*TASK DETAILS*
No pictures, please. Output the lines from the start of the data through the line that contains "왼쪽 대퇴골 하단부 골육종의 bone scan", both included, exactly as they stand.

Segment Start: LISTED RECORDS

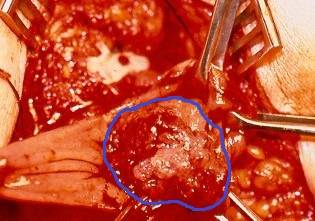 Εκτομαθέν παρασκεύασμα νεοπλάσματος ορθού (Ευγενική παραχώρηση Dr. V. Penopoulos)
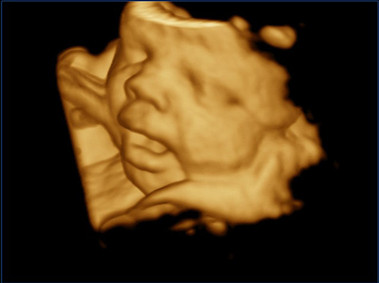Clinical Image - MyLab<sup>™</sup>Twice - Baby Face (X4D Imaging)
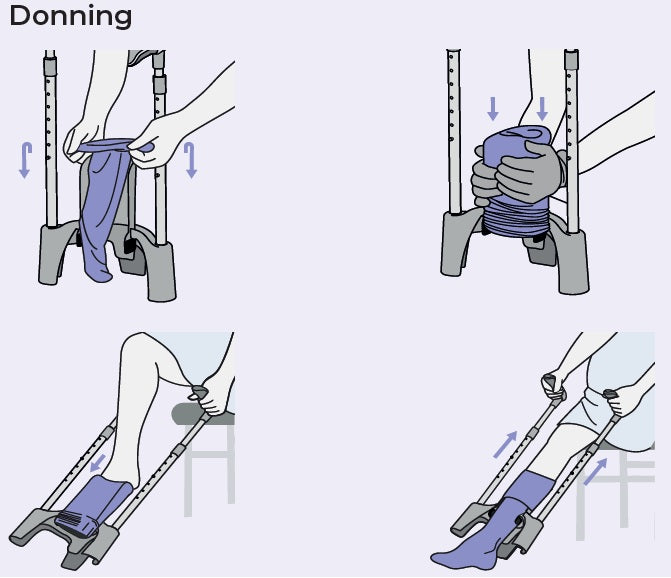 SIGVARIS Melany Donning Device
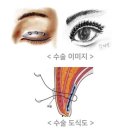 리매몰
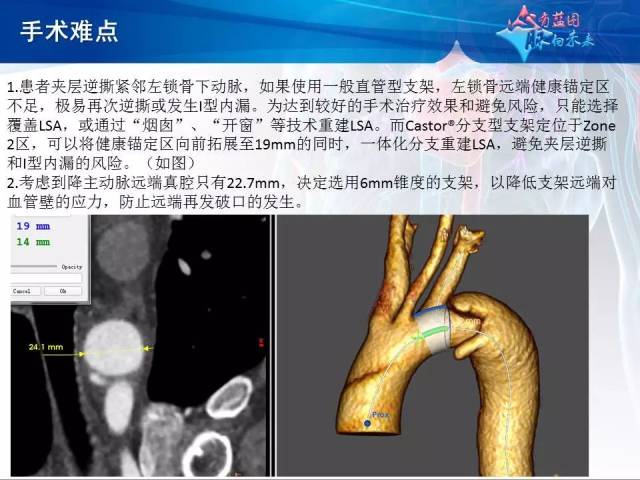 【病例分享】运用castor分支型主动脉覆膜支架系统治疗胸主动脉逆撕型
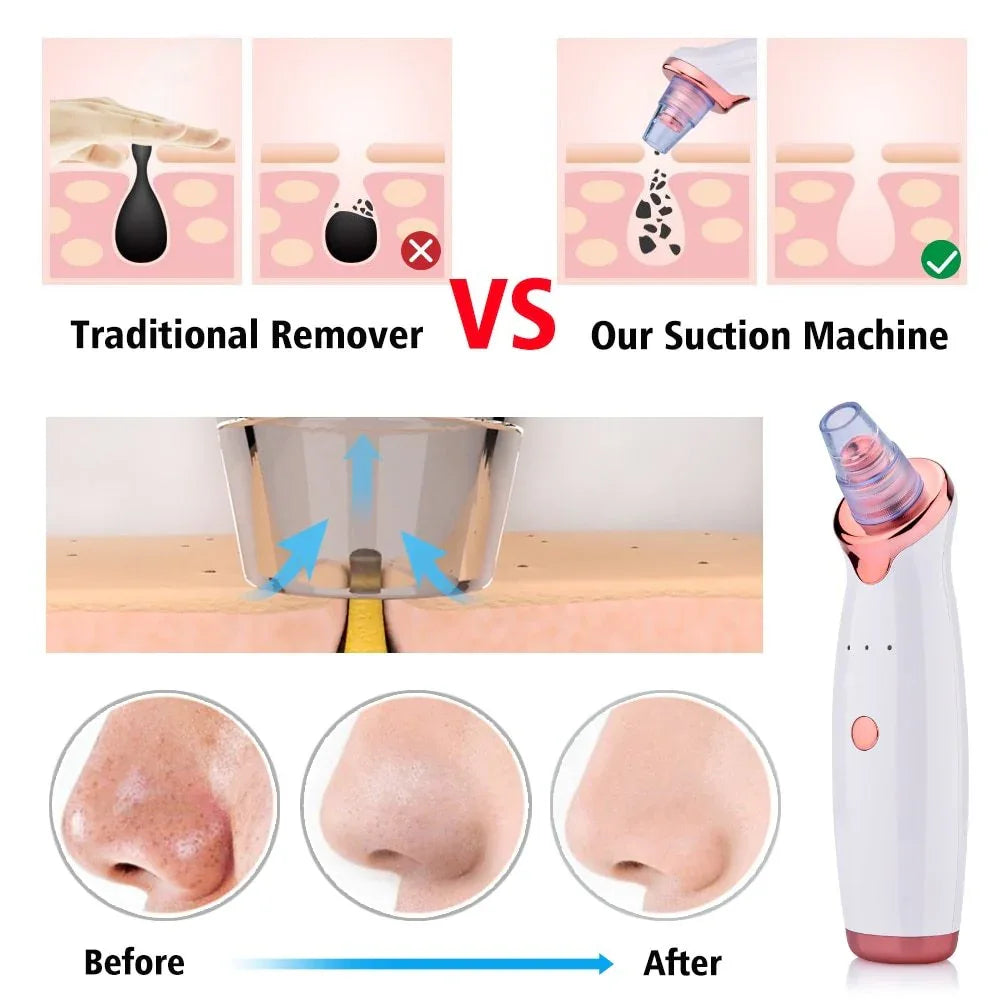 Electric Suction Blackhead Remover Skin Cleaning Device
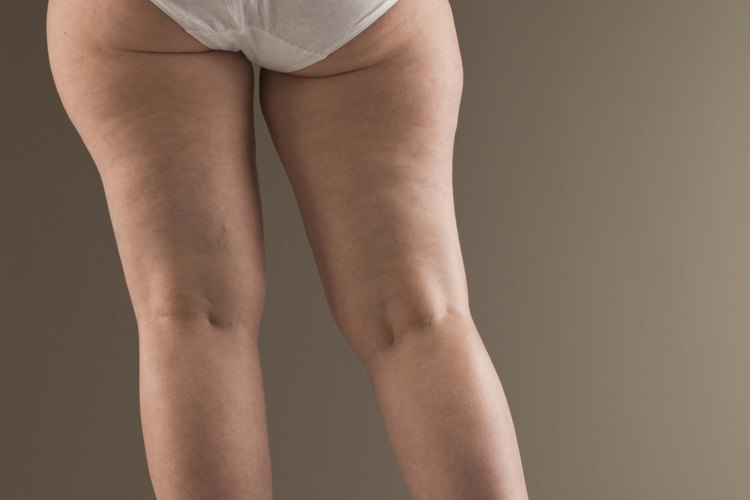 Elegir el traje de baño adecuado puede ayudar a disimular un cuerpo en forma de pera.
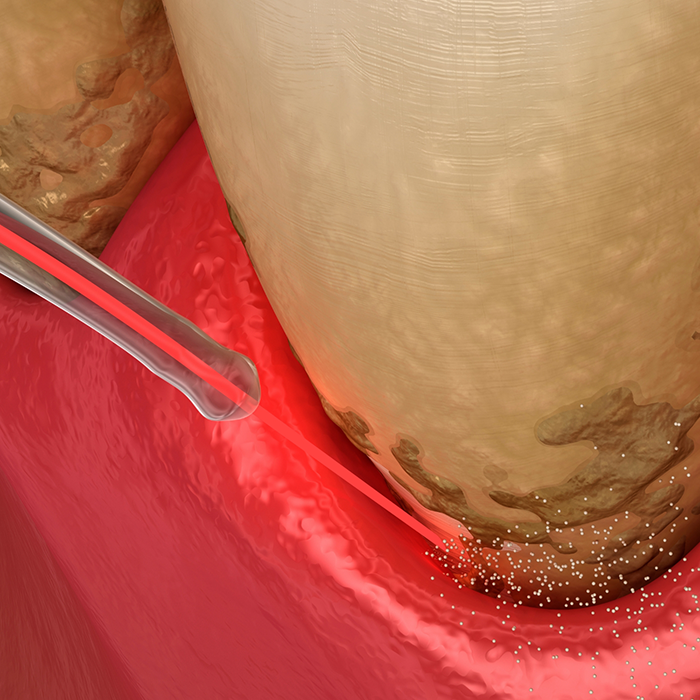 Illustration of laser being used to treat gum disease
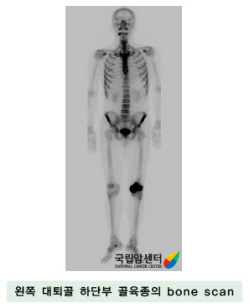 왼쪽 대퇴골 하단부 골육종의 bone scan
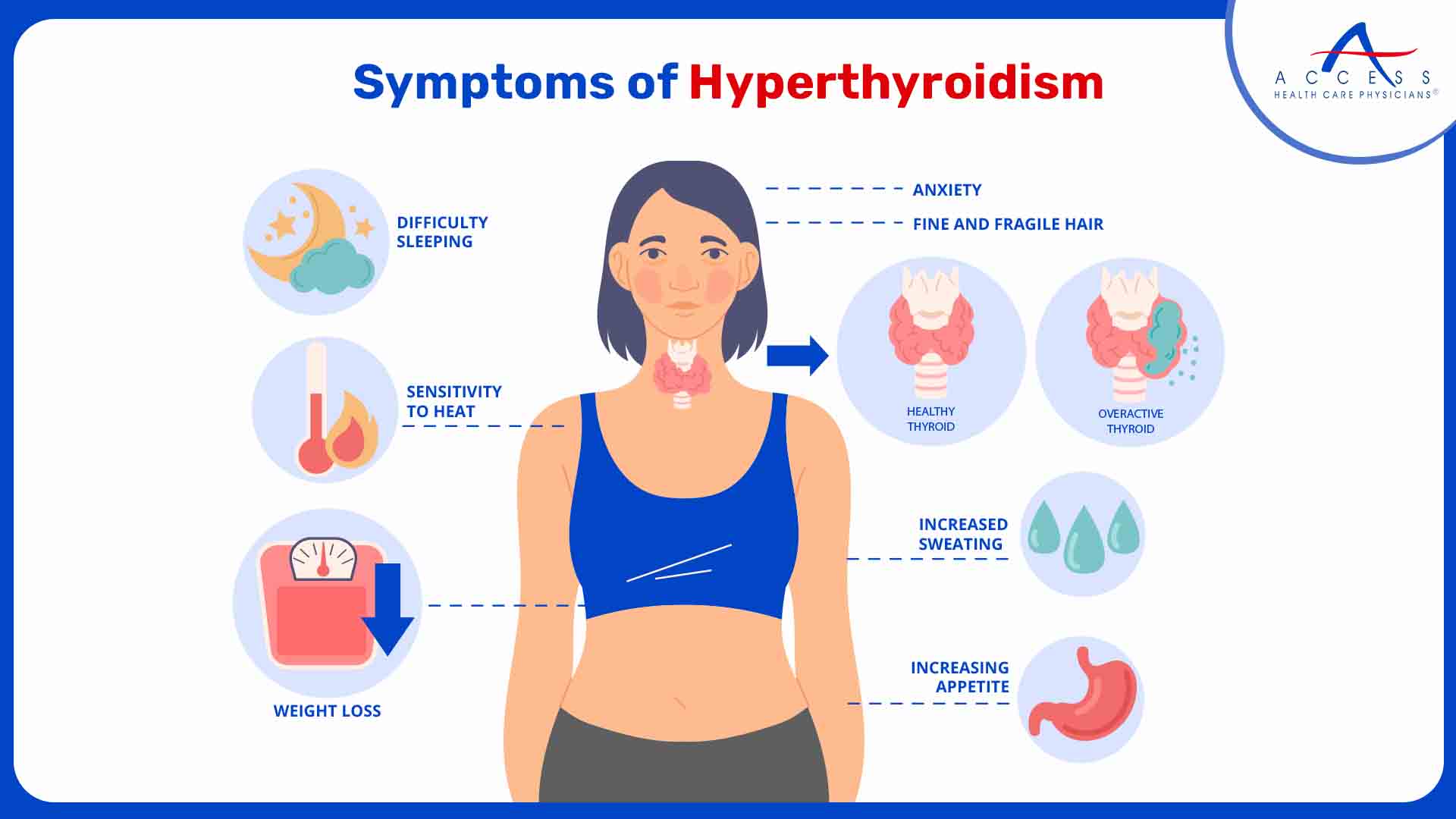 The symptoms of hyperthyroidism can vary in severity but often include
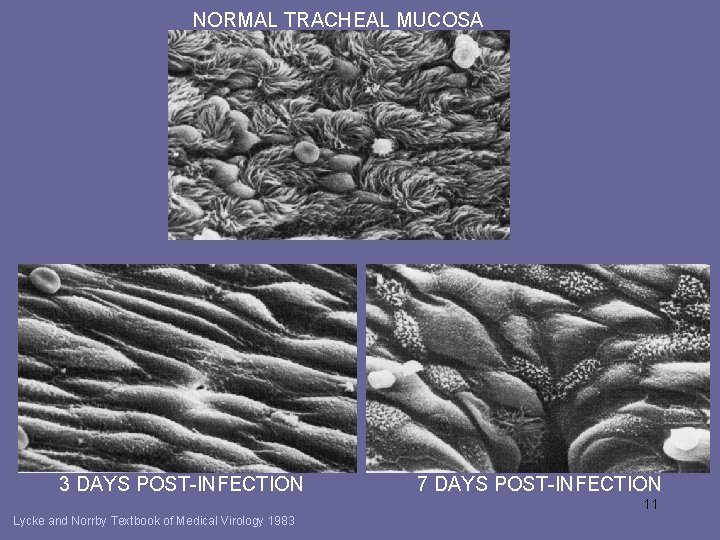 NORMAL TRACHEAL MUCOSA 3 DAYS POST-INFECTION 7 DAYS POST-INFECTION 11 Lycke and Norrby Textbook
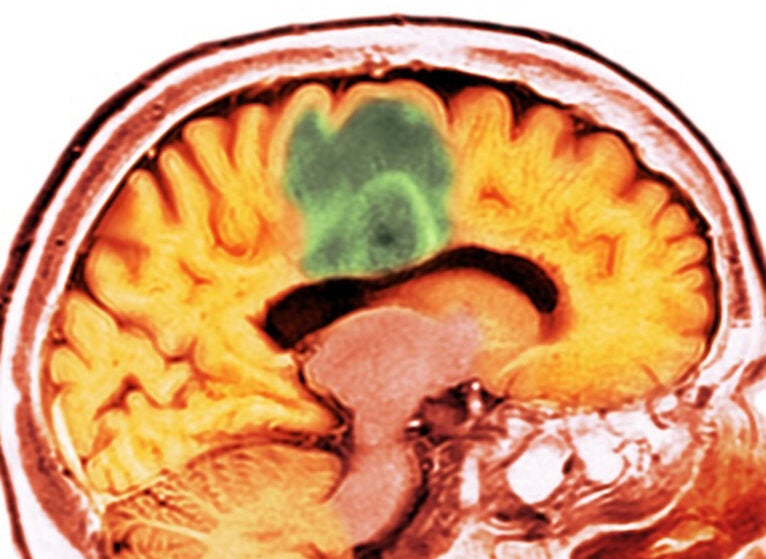 Getty_Glioblastoma brain cancer
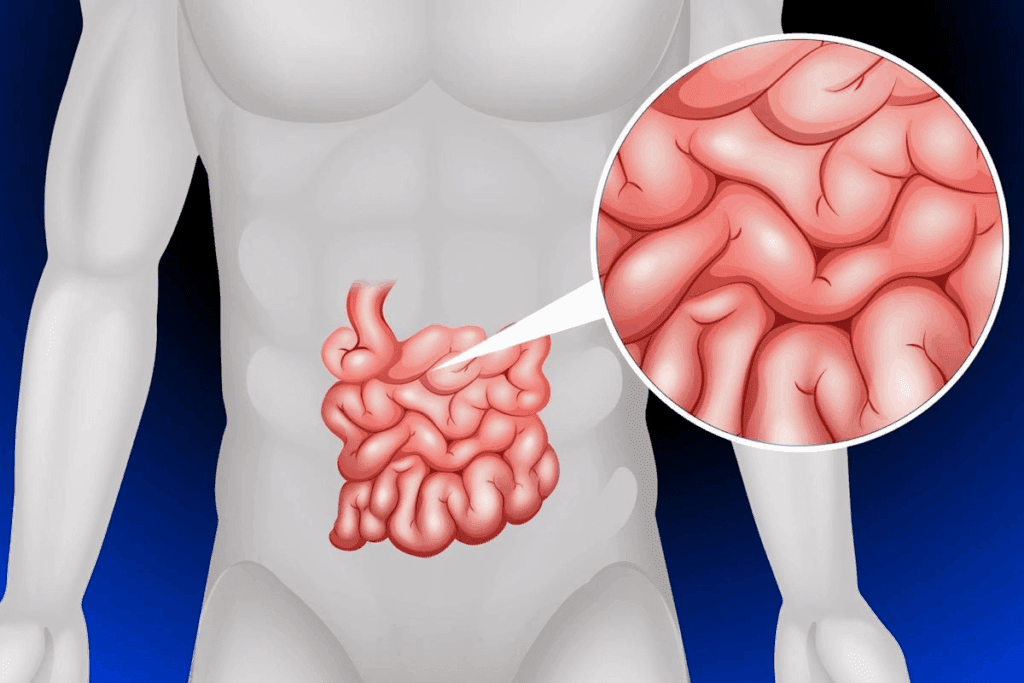 What Is a Lactose Breath Test and How Does It Work?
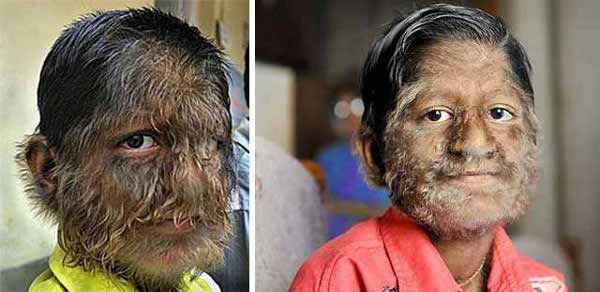 9-hypertrichosis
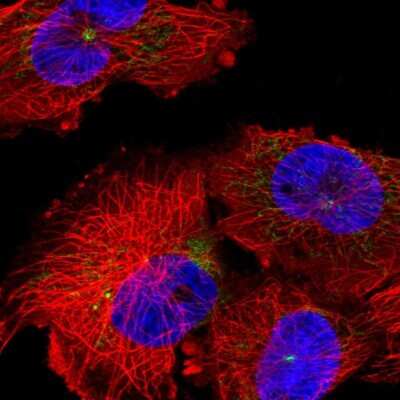 Immunocytochemistry/ Immunofluorescence: DDX26B Antibody [NBP2-55287]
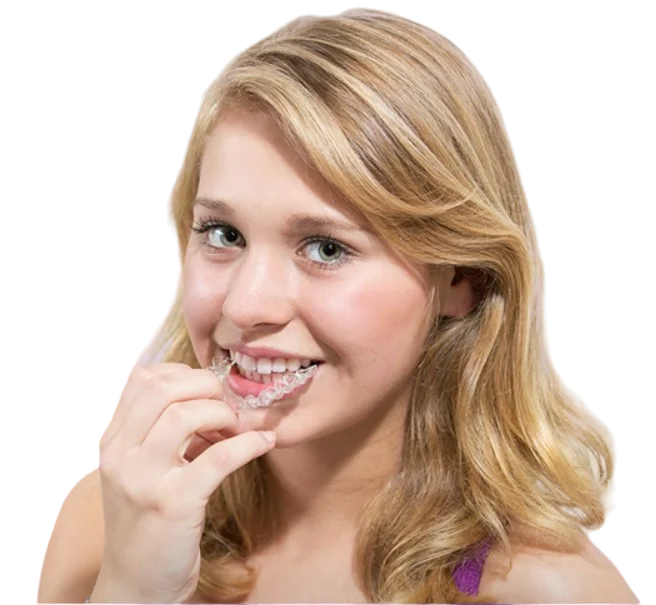 Баннер Установка элайнеров Баннер Установка элайнеров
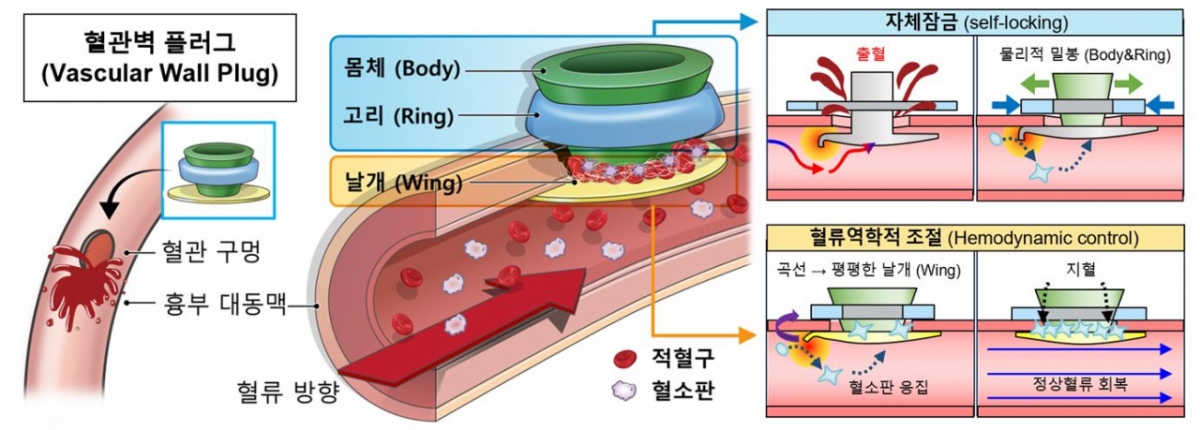연구팀이 개발한 혈관벽플러그 개요. /사진제공=세브란스병원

Segment End: LISTED RECORDS

*RESPONSE*
 Εκτομαθέν παρασκεύασμα νεοπλάσματος ορθού (Ευγενική παραχώρηση Dr. V. Penopoulos)
Clinical Image - MyLab<sup>™</sup>Twice - Baby Face (X4D Imaging)
 SIGVARIS Melany Donning Device
 리매몰
 【病例分享】运用castor分支型主动脉覆膜支架系统治疗胸主动脉逆撕型
 Electric Suction Blackhead Remover Skin Cleaning Device
 Elegir el traje de baño adecuado puede ayudar a disimular un cuerpo en forma de pera.
 Illustration of laser being used to treat gum disease
 왼쪽 대퇴골 하단부 골육종의 bone scan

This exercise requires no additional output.